* [Records supplied]:
[Start of section]

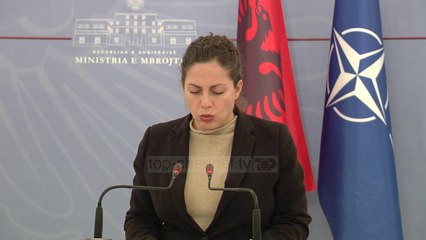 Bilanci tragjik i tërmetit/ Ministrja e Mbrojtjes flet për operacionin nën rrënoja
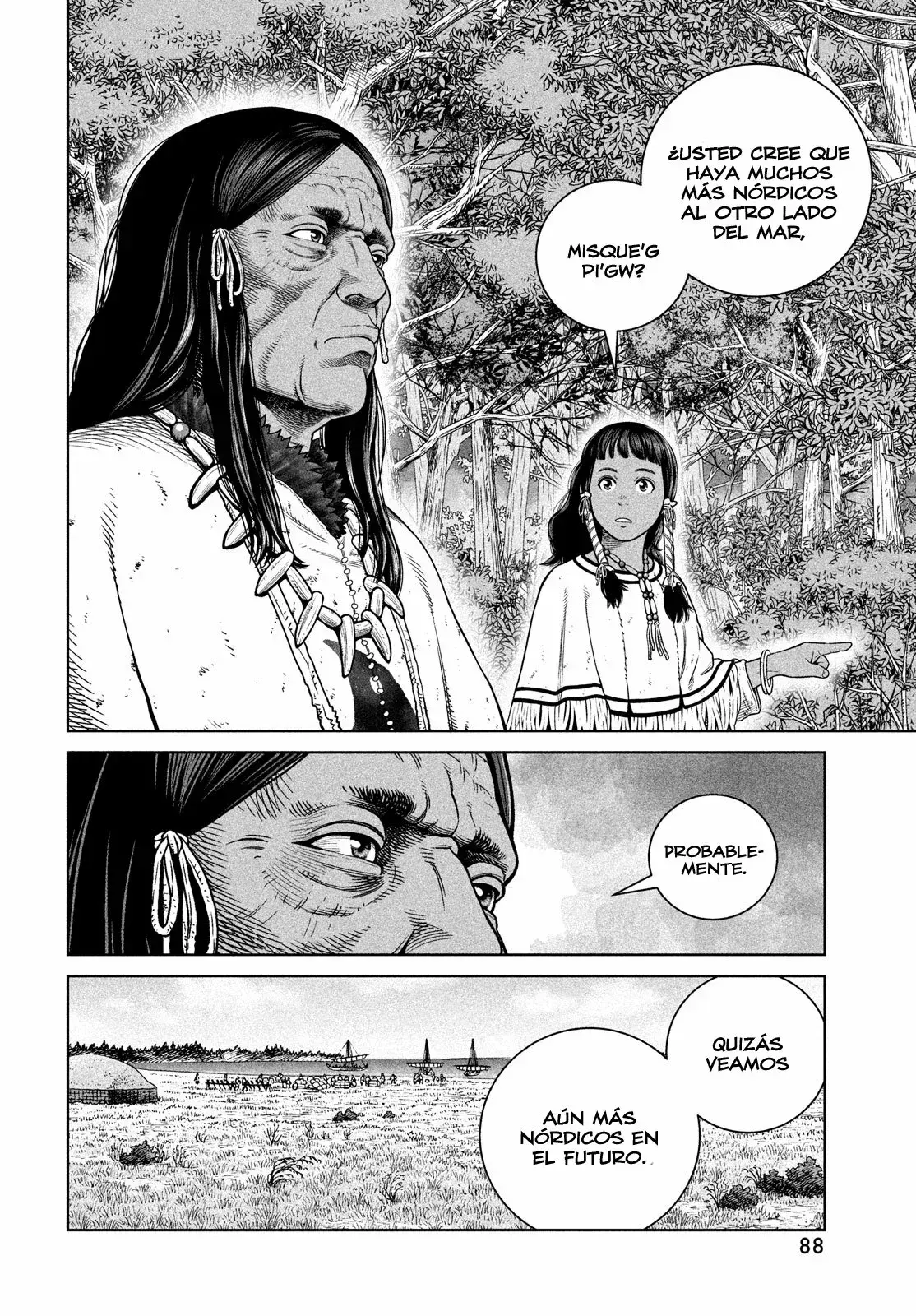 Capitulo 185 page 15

[End of section]
[Start of section]

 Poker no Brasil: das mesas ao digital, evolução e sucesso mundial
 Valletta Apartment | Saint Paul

[End of section]

* [Problem]:
From the material above, give again exactly the lines from the one that contains "Bilanci tragjik i" through the one that contains "Capitulo 185 page 15", and leave out the pictures.

* [Output of the task]:
 Bilanci tragjik i tërmetit/ Ministrja e Mbrojtjes flet për operacionin nën rrënoja
 Capitulo 185 page 15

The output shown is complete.